Overnight, the US Centers for Disease Control told Americans that an outbreak in the country was only a matter of time and the World Health Organisation urged countries to make preparations now.

Dr. Bruce Aylward, the head of a joint WHO-Chinese mission, said on Wednesday evening that: "You have to be ready to manage this at a larger scale [...] and it has to be done fast."

All countries must "be ready as if this hits us tomorrow", he added.

Against that backdrop, by the end of trading the benchmark pan-European Stoxx 600 was exactly flat at 404.62, alongside a 0.12% gain for the German Dax to 12,774.88, while the Cac-40 was ahead by 0.09% to 5,684.55.

Italy's FTSE Mibtel meanwhile was 1.44% higher to 23,422.54.

To take note of, the warning from the CDC in Atlanta had not only sent shares on Wall Street sharply lower again on Tuesday, it also pushed yields on 10-year US Treasuries to a record low - even if only by a little.

Office services firm ISS A/S was the worst performer on the Stoxx 600 after posting a 23.2% drop in full-year profits to 1,750m Danish crowns and guiding towards a slowdown in organic sales growth from 7.1% to 4.0%.

French biotech outfit Biomerieux was right behind despite posting higher full-year sales, operating profits and net income.

Finance Minister Olaf Scholz plans to modify the debt brake provision in the German constitution so that the federal government can assume some of the obligations of heavily indebted municipalities, Die Zeit newspaper reported.

The debt relief plan, proposed by the finance ministry some months ago, would see the federal government assume some of the debts already built up by the municipalities. Currently, however, the constitution sets strict limits on debt accumulation by the government.

Commenting on the correction in stockmarkets around the world, IG chief market analyst, Chris Beauchamp, said: "Against such a backdrop, 2019's concerns about Brexit and trade wars fade into insignificance. The economic impact clearly cannot be contained now to China alone, and both monetary and fiscal stimulus will be needed to help economies recover from this."

As if on cue, German deputy finance minister Olaf Scholz proposed modifying the debt brake provision in the country's constitution so that the federal government could assume some of the obligations of heavily indebted municipalities.

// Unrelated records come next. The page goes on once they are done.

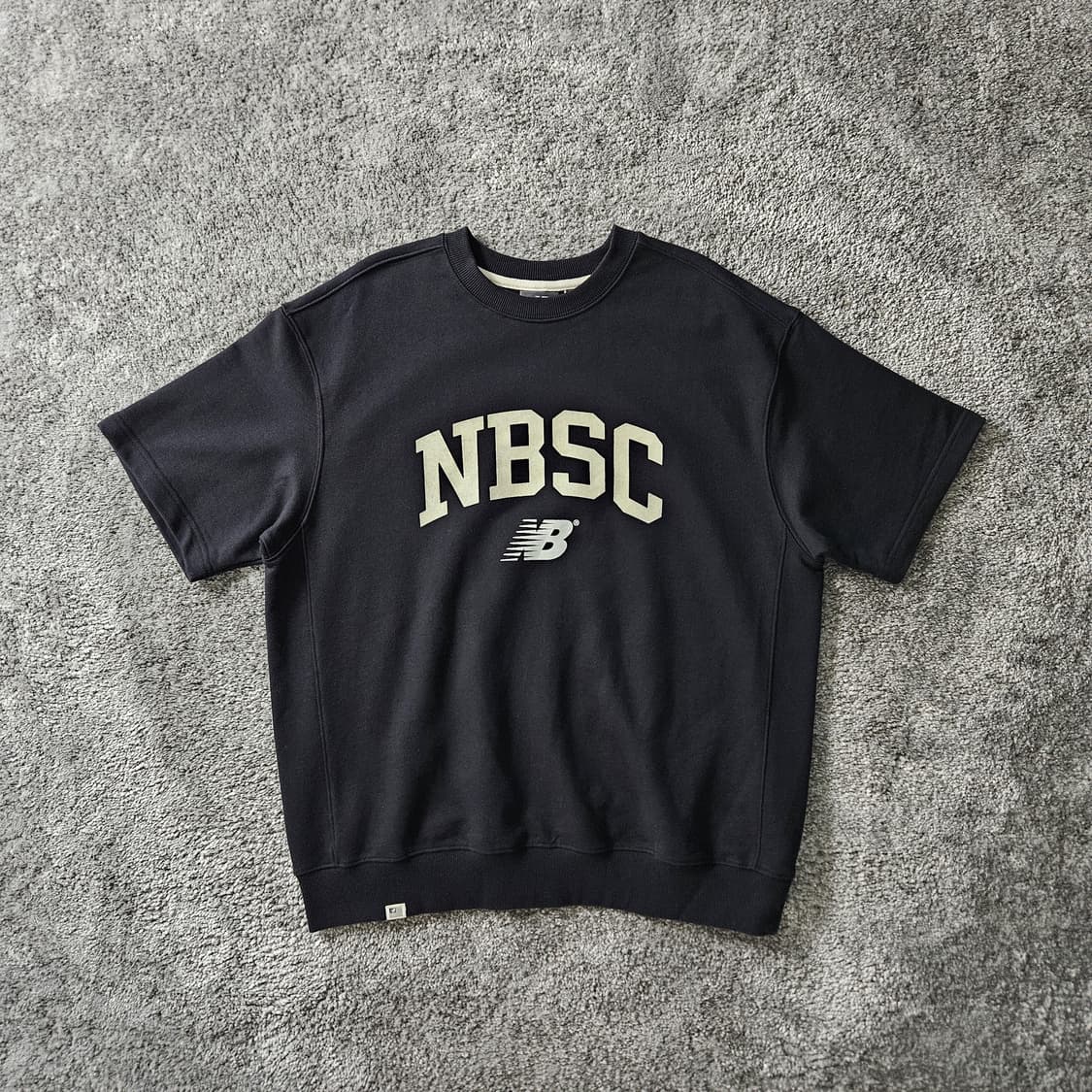 [무료배송] New Balance 반팔 맨투맨 상품이미지1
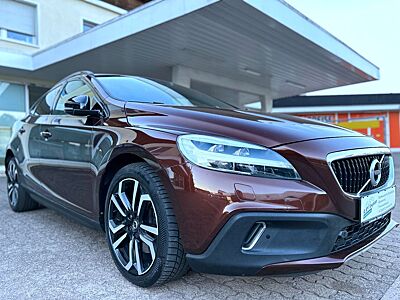 Volvo V40 Cross Country 2,0 Ltr. Navi LED Leder Kamera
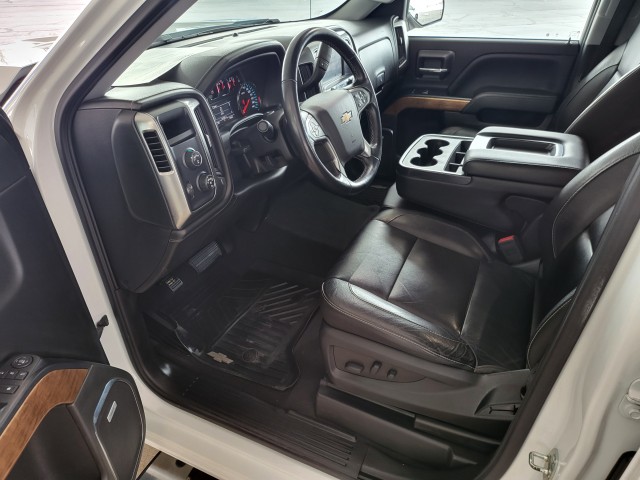 2018 Chevrolet Silverado 1500 LTZ photo 2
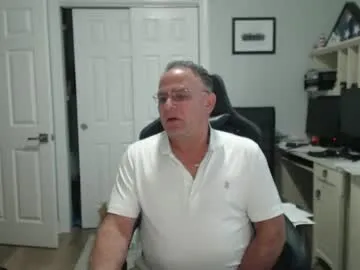 kinksubbydubby – webcam model profile photo Image 15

According to China's National Health Commission, the number of new infections in the country had fallen further, from 508 on Tuesday to 406 on Wednesday.

In South Korea meanwhile, the caseload increased by 169 to reach 1,146 and in Italy there were now 320 cases, up from 283 in the day before.

Analysts at ShoreCap said that, whether or not the COVID-19 coronavirus became a full-fledged pandemic would hinge on the virus's behaviour in new countries and the kind of containment measures those countries adopted.